Q1 : Quelle est la principale raison du passage du DXY sous 101 ?

Le déclencheur immédiat a été la publication du rapport sur l’emploi non agricole de juin aux États-Unis, le 2 juillet, qui s’est révélé très inférieur aux attentes—seulement 57 000 nouveaux emplois, soit moins de la moitié du consensus de 115 000. Après cette annonce, les anticipations de hausse de taux de la Fed à court terme se sont rapidement refroidies. Le CME FedWatch Tool a fait chuter la probabilité de hausse en juillet à 17,6 %. La baisse des anticipations de taux a directement pesé sur le dollar, le DXY reculant de 0,48 % sur la semaine, sa plus forte baisse hebdomadaire depuis avril.

Q2 : Pourquoi le yen reste-t-il proche d’un plus bas de 40 ans malgré la faiblesse du dollar ?
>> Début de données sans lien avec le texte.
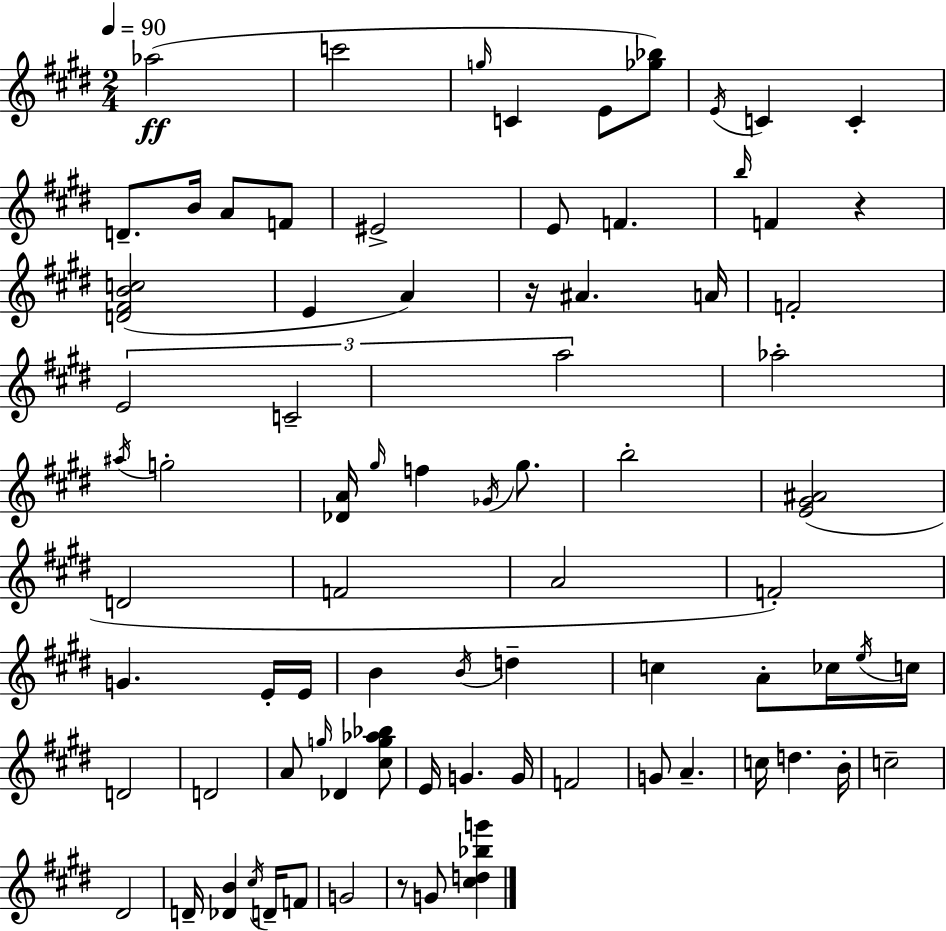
Ab5/h C6/h G5/s C4/q E4/e [Gb5,Bb5]/e E4/s C4/q C4/q D4/e. B4/s A4/e F4/e EIS4/h E4/e F4/q. B5/s F4/q R/q [D4,F#4,B4,C5]/h E4/q A4/q R/s A#4/q. A4/s F4/h E4/h C4/h A5/h Ab5/h A#5/s G5/h [Db4,A4]/s G#5/s F5/q Gb4/s G#5/e. B5/h [E4,G#4,A#4]/h D4/h F4/h A4/h F4/h G4/q. E4/s E4/s B4/q B4/s D5/q C5/q A4/e CES5/s E5/s C5/s D4/h D4/h A4/e G5/s Db4/q [C#5,G5,Ab5,Bb5]/e E4/s G4/q. G4/s F4/h G4/e A4/q. C5/s D5/q. B4/s C5/h D#4/h D4/s [Db4,B4]/q C#5/s D4/s F4/e G4/h R/e G4/e [C#5,D5,Bb5,G6]/q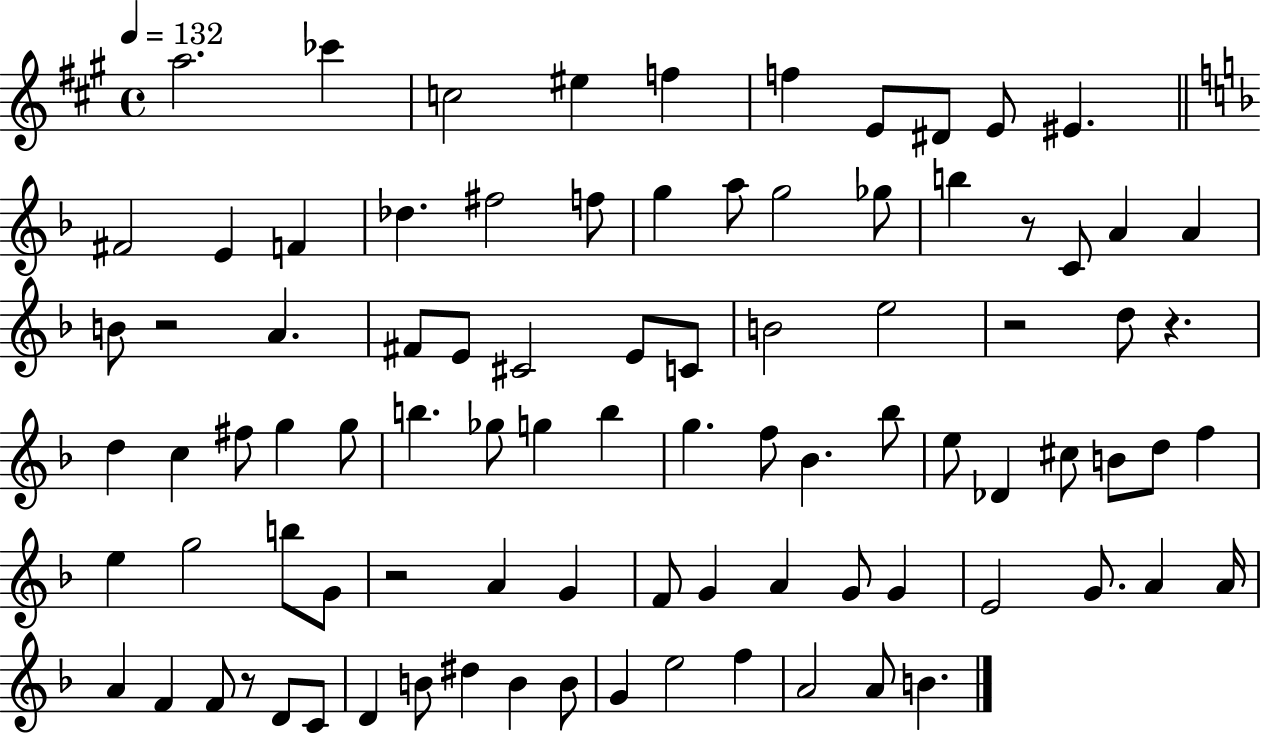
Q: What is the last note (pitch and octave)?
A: B4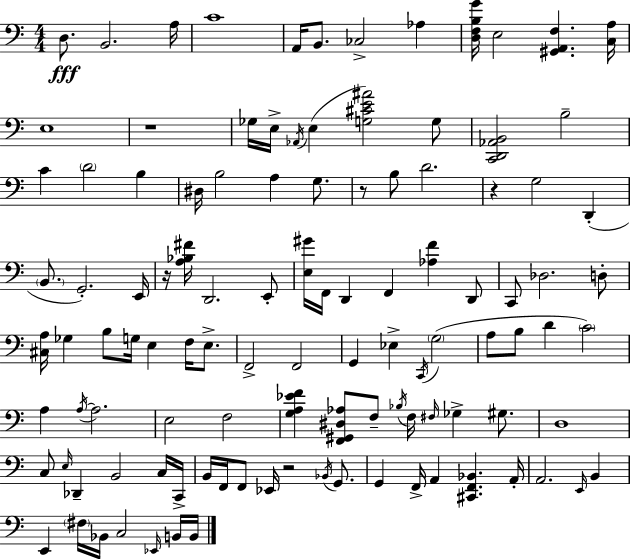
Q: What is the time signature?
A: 4/4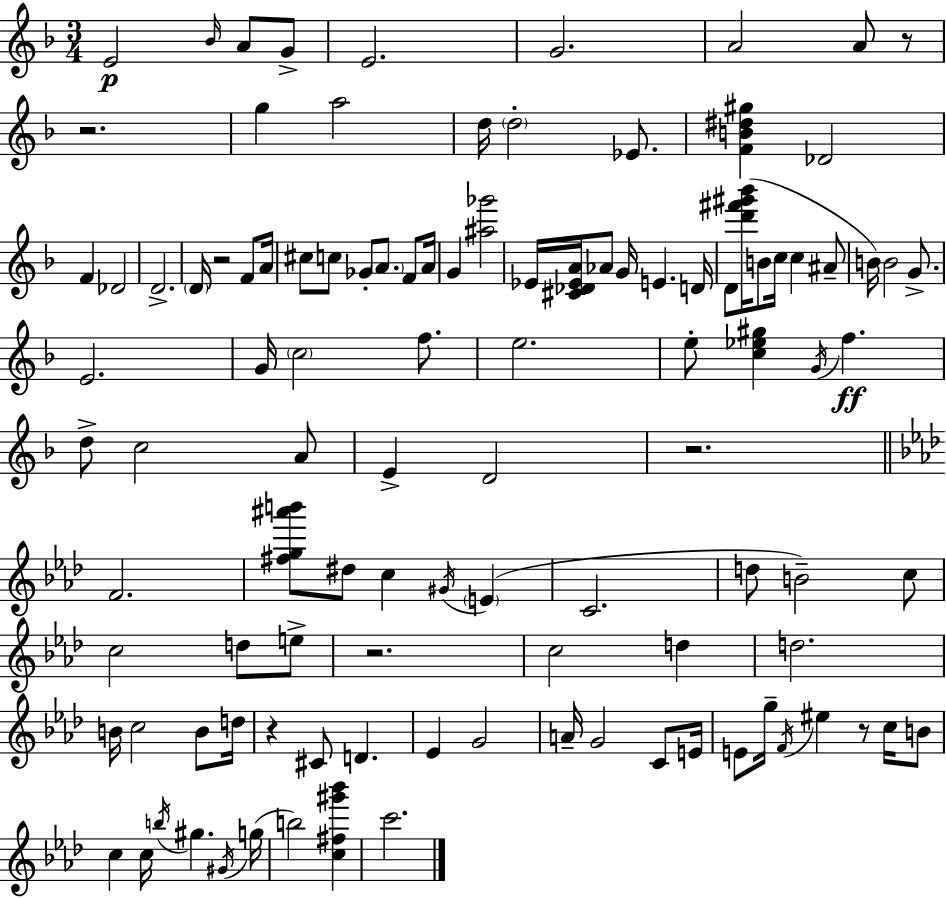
E4/h Bb4/s A4/e G4/e E4/h. G4/h. A4/h A4/e R/e R/h. G5/q A5/h D5/s D5/h Eb4/e. [F4,B4,D#5,G#5]/q Db4/h F4/q Db4/h D4/h. D4/s R/h F4/e A4/s C#5/e C5/e Gb4/e A4/e. F4/e A4/s G4/q [A#5,Gb6]/h Eb4/s [C#4,Db4,Eb4,A4]/s Ab4/e G4/s E4/q. D4/s D4/e [D6,F#6,G#6,Bb6]/s B4/e C5/s C5/q A#4/e B4/s B4/h G4/e. E4/h. G4/s C5/h F5/e. E5/h. E5/e [C5,Eb5,G#5]/q G4/s F5/q. D5/e C5/h A4/e E4/q D4/h R/h. F4/h. [F#5,G5,A#6,B6]/e D#5/e C5/q G#4/s E4/q C4/h. D5/e B4/h C5/e C5/h D5/e E5/e R/h. C5/h D5/q D5/h. B4/s C5/h B4/e D5/s R/q C#4/e D4/q. Eb4/q G4/h A4/s G4/h C4/e E4/s E4/e G5/s F4/s EIS5/q R/e C5/s B4/e C5/q C5/s B5/s G#5/q. G#4/s G5/s B5/h [C5,F#5,G#6,Bb6]/q C6/h.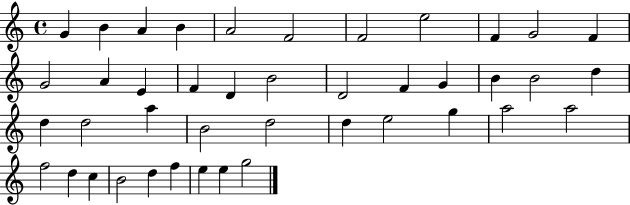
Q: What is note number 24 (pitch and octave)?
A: D5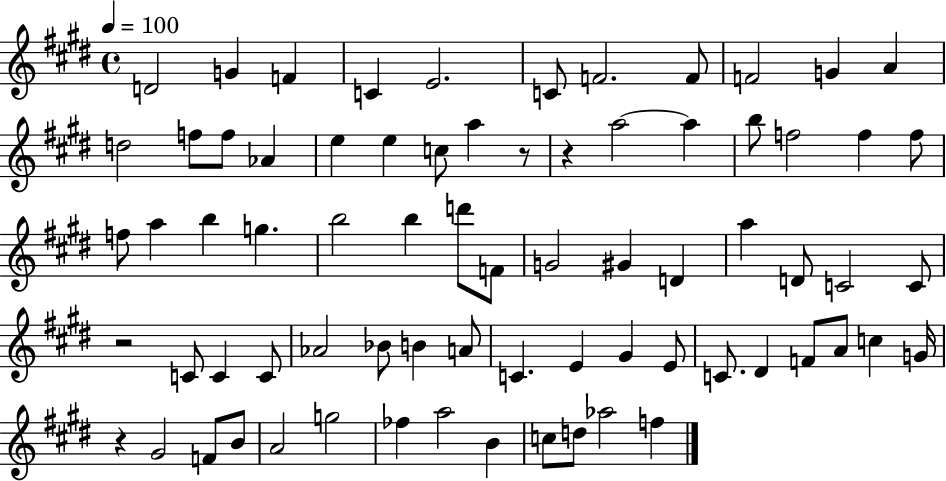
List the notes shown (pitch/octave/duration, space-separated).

D4/h G4/q F4/q C4/q E4/h. C4/e F4/h. F4/e F4/h G4/q A4/q D5/h F5/e F5/e Ab4/q E5/q E5/q C5/e A5/q R/e R/q A5/h A5/q B5/e F5/h F5/q F5/e F5/e A5/q B5/q G5/q. B5/h B5/q D6/e F4/e G4/h G#4/q D4/q A5/q D4/e C4/h C4/e R/h C4/e C4/q C4/e Ab4/h Bb4/e B4/q A4/e C4/q. E4/q G#4/q E4/e C4/e. D#4/q F4/e A4/e C5/q G4/s R/q G#4/h F4/e B4/e A4/h G5/h FES5/q A5/h B4/q C5/e D5/e Ab5/h F5/q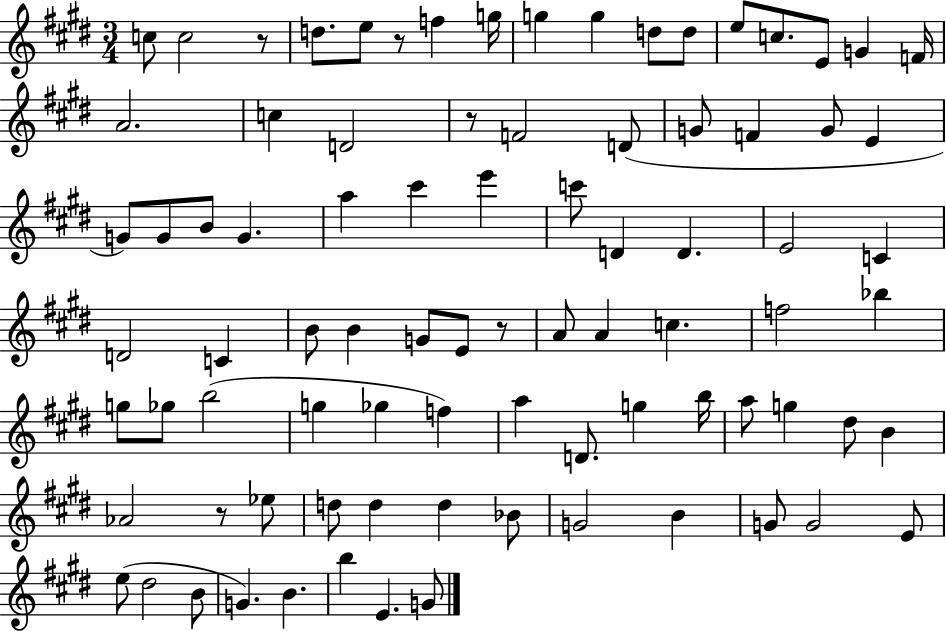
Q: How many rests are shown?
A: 5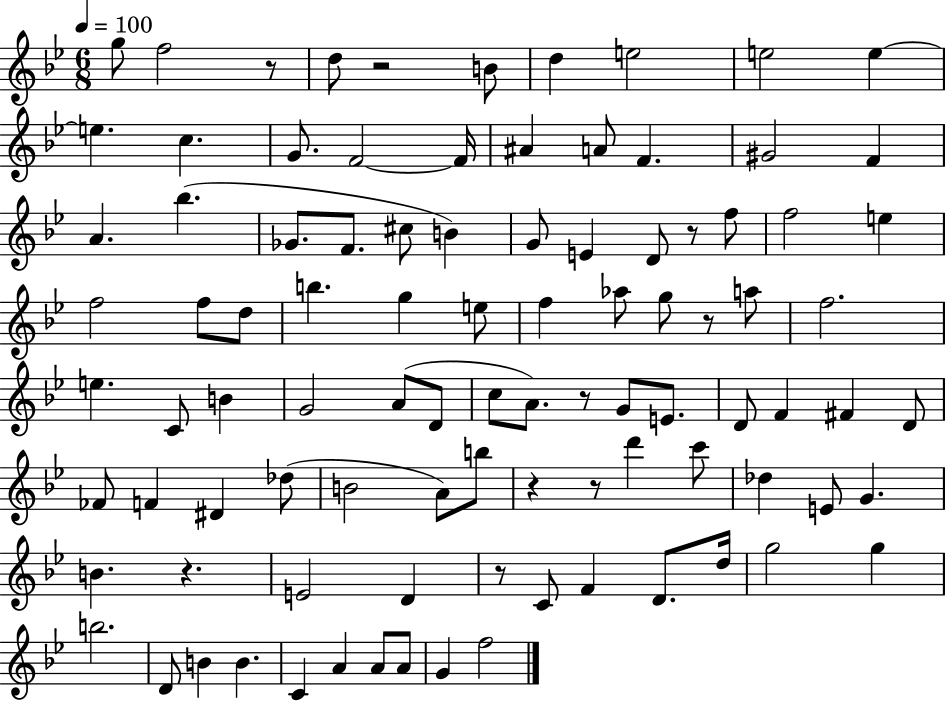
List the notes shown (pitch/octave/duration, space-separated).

G5/e F5/h R/e D5/e R/h B4/e D5/q E5/h E5/h E5/q E5/q. C5/q. G4/e. F4/h F4/s A#4/q A4/e F4/q. G#4/h F4/q A4/q. Bb5/q. Gb4/e. F4/e. C#5/e B4/q G4/e E4/q D4/e R/e F5/e F5/h E5/q F5/h F5/e D5/e B5/q. G5/q E5/e F5/q Ab5/e G5/e R/e A5/e F5/h. E5/q. C4/e B4/q G4/h A4/e D4/e C5/e A4/e. R/e G4/e E4/e. D4/e F4/q F#4/q D4/e FES4/e F4/q D#4/q Db5/e B4/h A4/e B5/e R/q R/e D6/q C6/e Db5/q E4/e G4/q. B4/q. R/q. E4/h D4/q R/e C4/e F4/q D4/e. D5/s G5/h G5/q B5/h. D4/e B4/q B4/q. C4/q A4/q A4/e A4/e G4/q F5/h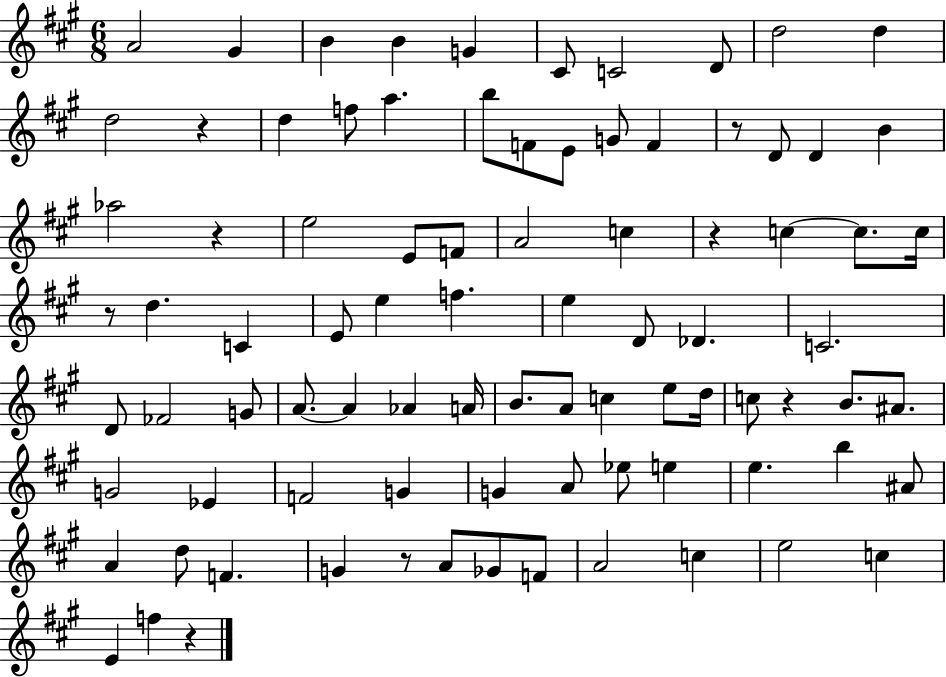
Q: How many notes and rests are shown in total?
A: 87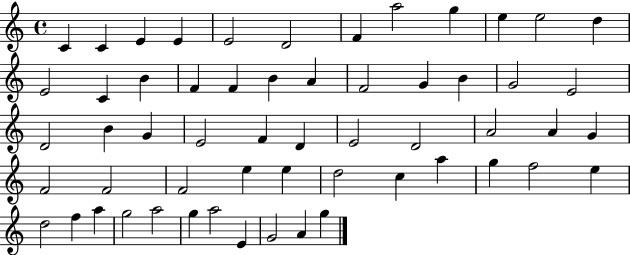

La faiblesse persistante du yen s’explique par l’écart extrême de taux entre les États-Unis et le Japon—les taux de la Fed restent à 3,5–3,75 %, tandis que la Banque du Japon n’a relevé ses taux qu’à 1,00 %. Cet écart de plus de 250 points de base continue d’alimenter les flux de portage hors yen. Malgré les avertissements répétés des autorités japonaises, la plupart des institutions considèrent que, sans changement fondamental du contexte macroéconomique, une intervention ne peut provoquer qu’une volatilité à court terme et ne saurait inverser la tendance baissière du yen.

Q3 : Que signifie la faiblesse du dollar pour les crypto-actifs ?

La faiblesse du dollar bénéficie généralement aux actifs libellés en dollar. Le Bitcoin est resté au-dessus de 63 000 $ pendant la baisse du dollar, et l’or a franchi les 4 170 $. Cependant, la trajectoire de moyen terme des crypto-actifs dépend avant tout de leurs fondamentaux propres—le Bitcoin subit des sorties sur les ETF, et les ETF spot sur Ethereum enregistrent sept semaines consécutives de sorties nettes. La faiblesse du dollar offre une fenêtre macroéconomique temporaire, mais ne constitue pas une condition suffisante pour une tendance durable.

Q4 : Quels sont les prochains niveaux clés de support et de résistance pour le DXY ?

Le principal support du DXY se situe actuellement à 100,60 (sommet de mars), puis à 100,36 et 100,00. Les premières résistances se trouvent à 101,05, puis à 101,19 et 101,43. Le pivot journalier est à 100,82. Cette semaine, le compte rendu de la réunion de juin de la Fed sera le principal catalyseur pour l’orientation à court terme.

Q5 : La faiblesse actuelle du dollar est-elle un repli technique ou un retournement de tendance ?

Il s’agit plus probablement d’un repli technique que d’un retournement de tendance. D’un point de vue technique, le DXY reste dans son canal haussier, avec une structure haussière préservée. Sur le plan institutionnel, les principaux acteurs comme OCBC et Fubon Financial anticipent un dollar fort ou en consolidation très volatile au second semestre 2026. L’orientation réelle dépendra des prochaines données sur l’inflation, des signaux du FOMC de juillet et de l’évolution géopolitique.